Sam B.’s review published on Letterboxd:
There used to be more internets. The gradual condensation of thousands of forums, HTML pages, and hyperlink rabbit holes into no more than a dozen aggregate websites has made the scope of the digital connectivity more overwhelming and easier to quantify, imbued with the paranoia of surveillance. You are irrevocably witnessable and disempowered on the Internet, access to platforms conditional on your adherence in expression. The architecture of these websites is anonymous, generic, and dissociative.
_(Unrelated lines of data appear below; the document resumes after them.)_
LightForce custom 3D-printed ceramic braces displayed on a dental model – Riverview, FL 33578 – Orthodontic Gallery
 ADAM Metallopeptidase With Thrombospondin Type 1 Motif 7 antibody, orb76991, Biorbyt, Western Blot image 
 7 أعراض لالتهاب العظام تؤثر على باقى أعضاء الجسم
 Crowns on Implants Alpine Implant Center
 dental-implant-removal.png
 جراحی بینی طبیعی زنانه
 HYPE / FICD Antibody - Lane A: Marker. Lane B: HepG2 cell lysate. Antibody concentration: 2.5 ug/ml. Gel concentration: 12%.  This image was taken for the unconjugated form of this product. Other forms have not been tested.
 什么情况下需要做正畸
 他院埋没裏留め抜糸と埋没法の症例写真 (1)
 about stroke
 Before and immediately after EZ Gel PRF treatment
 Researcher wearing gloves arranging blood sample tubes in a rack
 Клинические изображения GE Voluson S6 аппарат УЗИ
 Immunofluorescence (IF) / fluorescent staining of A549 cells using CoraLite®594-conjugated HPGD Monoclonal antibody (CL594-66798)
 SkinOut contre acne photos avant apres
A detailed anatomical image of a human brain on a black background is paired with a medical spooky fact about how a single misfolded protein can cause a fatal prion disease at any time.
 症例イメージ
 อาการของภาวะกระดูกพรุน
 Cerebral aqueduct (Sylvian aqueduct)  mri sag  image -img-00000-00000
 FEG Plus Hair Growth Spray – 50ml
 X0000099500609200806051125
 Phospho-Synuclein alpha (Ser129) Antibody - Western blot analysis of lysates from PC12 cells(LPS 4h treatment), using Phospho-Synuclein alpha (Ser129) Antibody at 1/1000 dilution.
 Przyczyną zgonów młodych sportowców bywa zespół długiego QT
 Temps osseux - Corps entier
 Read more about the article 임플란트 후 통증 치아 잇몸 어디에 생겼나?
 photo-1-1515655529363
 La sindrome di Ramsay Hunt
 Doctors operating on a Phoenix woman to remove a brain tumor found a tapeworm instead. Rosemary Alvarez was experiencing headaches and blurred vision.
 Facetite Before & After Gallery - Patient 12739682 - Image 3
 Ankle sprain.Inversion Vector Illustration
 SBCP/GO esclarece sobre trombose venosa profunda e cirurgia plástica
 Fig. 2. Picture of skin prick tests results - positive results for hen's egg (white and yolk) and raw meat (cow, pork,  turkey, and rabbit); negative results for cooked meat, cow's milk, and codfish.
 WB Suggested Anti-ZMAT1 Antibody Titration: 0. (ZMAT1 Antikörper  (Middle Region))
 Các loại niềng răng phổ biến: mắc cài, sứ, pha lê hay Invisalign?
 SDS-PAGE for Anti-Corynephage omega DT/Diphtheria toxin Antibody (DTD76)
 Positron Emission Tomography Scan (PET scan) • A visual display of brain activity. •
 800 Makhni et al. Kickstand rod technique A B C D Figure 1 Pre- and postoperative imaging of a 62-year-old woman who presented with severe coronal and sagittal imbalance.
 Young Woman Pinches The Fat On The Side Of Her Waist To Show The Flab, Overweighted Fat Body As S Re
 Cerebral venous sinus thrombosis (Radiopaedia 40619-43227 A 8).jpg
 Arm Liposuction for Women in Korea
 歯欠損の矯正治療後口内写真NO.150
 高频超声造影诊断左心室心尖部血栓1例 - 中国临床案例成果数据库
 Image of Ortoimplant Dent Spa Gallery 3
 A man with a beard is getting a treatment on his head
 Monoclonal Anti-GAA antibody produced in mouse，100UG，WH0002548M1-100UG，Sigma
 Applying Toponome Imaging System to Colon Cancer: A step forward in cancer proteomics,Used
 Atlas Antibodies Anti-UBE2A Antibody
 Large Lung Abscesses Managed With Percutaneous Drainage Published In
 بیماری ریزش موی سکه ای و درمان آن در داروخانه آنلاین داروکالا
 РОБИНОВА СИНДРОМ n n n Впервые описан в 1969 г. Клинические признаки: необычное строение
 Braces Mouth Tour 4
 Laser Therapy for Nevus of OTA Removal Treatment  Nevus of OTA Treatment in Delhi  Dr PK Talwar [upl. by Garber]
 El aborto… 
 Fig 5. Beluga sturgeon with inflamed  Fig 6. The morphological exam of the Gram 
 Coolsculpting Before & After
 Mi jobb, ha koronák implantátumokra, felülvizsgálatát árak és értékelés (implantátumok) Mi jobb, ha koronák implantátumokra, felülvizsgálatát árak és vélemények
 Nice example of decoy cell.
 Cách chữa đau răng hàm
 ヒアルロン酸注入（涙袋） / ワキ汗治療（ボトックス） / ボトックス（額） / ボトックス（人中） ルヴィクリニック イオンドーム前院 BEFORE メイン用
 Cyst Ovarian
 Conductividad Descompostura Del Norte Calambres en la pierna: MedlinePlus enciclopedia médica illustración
The internet of Jane Schoenbrun We’re All Going to the World’s Fair is different - it’s not the gentle mess of Adobe Flash assets that you encounter in Nina Freeman’s Cibele, or the hyperconnective infodump of the great American Vandal. It’s closest to Pulse, but even that movie gives the technology a sublime quality that World’s Fair smartly disallows. The film lives unknown in the recesses of Youtube and Skype. This is not the savvy end of the internet. This is a bit less cool, less social, far removed from any modern trends, the kind of internet you find alone at 13. This is what the internet feels like when you operate under the assumption that nobody will ever discover you because nobody has ever tried.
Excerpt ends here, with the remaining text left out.